By Kelly House, Bridge Michigan
The Great Lakes News Collaborative includes Bridge Michigan; Circle of Blue; Great Lakes Now at Detroit Public Television; and Michigan Radio, Michigan’s NPR News Leader; who work together to bring audiences news and information about the impact of climate change, pollution, and aging infrastructure on the Great Lakes and drinking water. This independent journalism is supported by the Charles Stewart Mott Foundation. Find all the work HERE.
- Two Republican lawmakers want to require septic inspections when homes are sold
- Lack of statewide regulations leaves local governments in charge of septic pollution fixes
- On Higgins Lake, a dispute over septic pollution is fueling efforts to oust local officials
After earlier efforts failed to address septic pollution in Michigan, Rep. Jeff Yaroch is hoping for better luck with a narrower approach.

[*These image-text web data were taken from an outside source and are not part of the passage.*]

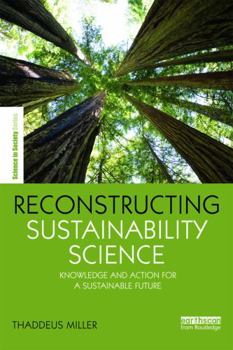 Hardcover Reconstructing Sustainability Science: Knowledge and Action for a Sustainable Future Book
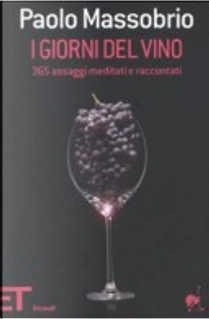 I giorni del vino by Paolo Massobrio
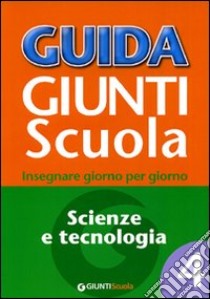 Guida Giunti scuola. Insegnare giorno per giorno. Scienze e tecnologia. Vol. 4 libro di Taroni Fabio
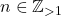 n \in \mathbb{Z}_{>1}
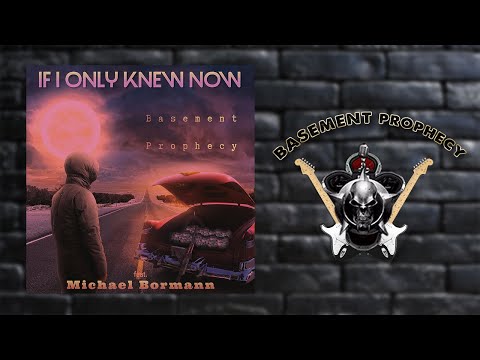BASEMENT PROPHECY feat. Michael Bormann - IF I ONLY KNEW NOW
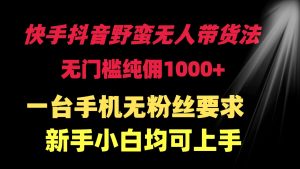 快手抖音野蛮无人带货法 无门槛纯佣1000+ 一台手机无粉丝要求新手小白均可上手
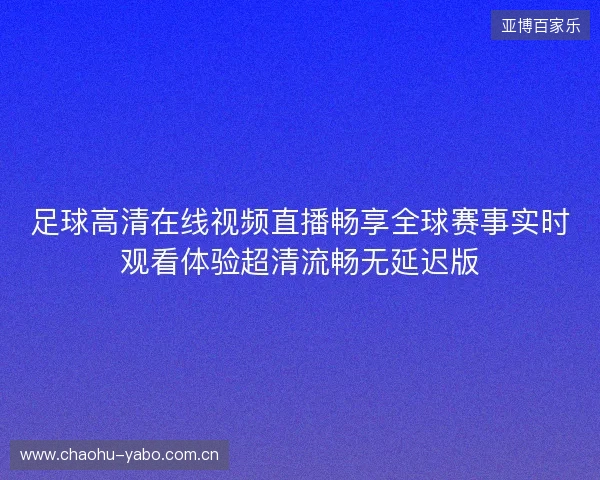 足球高清在线视频直播畅享全球赛事实时观看体验超清流畅无延迟版 足球高清在线视频直播畅享全球赛事实时观看体验超清流畅无延迟版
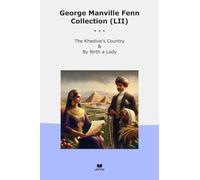 George Manville Fenn Collection (LII): Khedive Country Birth Lady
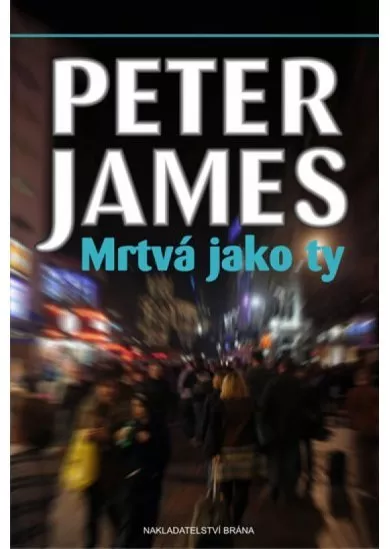 Mrtvá jako ty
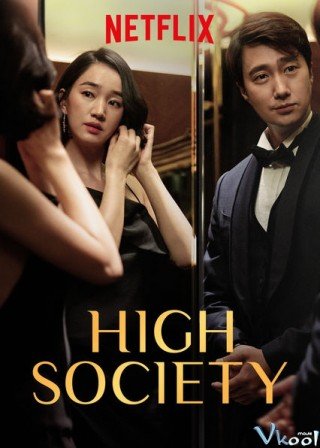 Khát Vọng Thượng Lưu (High Society 2018)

Taking a cue from local health officials in his home county of Macomb, Yaroch, R-Richmond, wants Michigan to require inspections of household septic systems when a home is sold or transferred, a move he said would give homebuyers an opportunity to negotiate over required fixes while keeping human waste out of Michigan’s lakes and rivers.
“The most protective person of their private property rights expects that there is going to be a review of their property before they sell it,” Yaroch told the Michigan House Natural Resources and Outdoor Recreation Committee on Wednesday in the first hearing on the bill, co-sponsored by Daire Rendon, R-Lake City.
It’s the latest attempt at septic regulation reforms that have repeatedly floundered in the legislature, amid mounting evidence that septic pollution is imperiling the state’s waters. But like past attempts, it faces headwinds.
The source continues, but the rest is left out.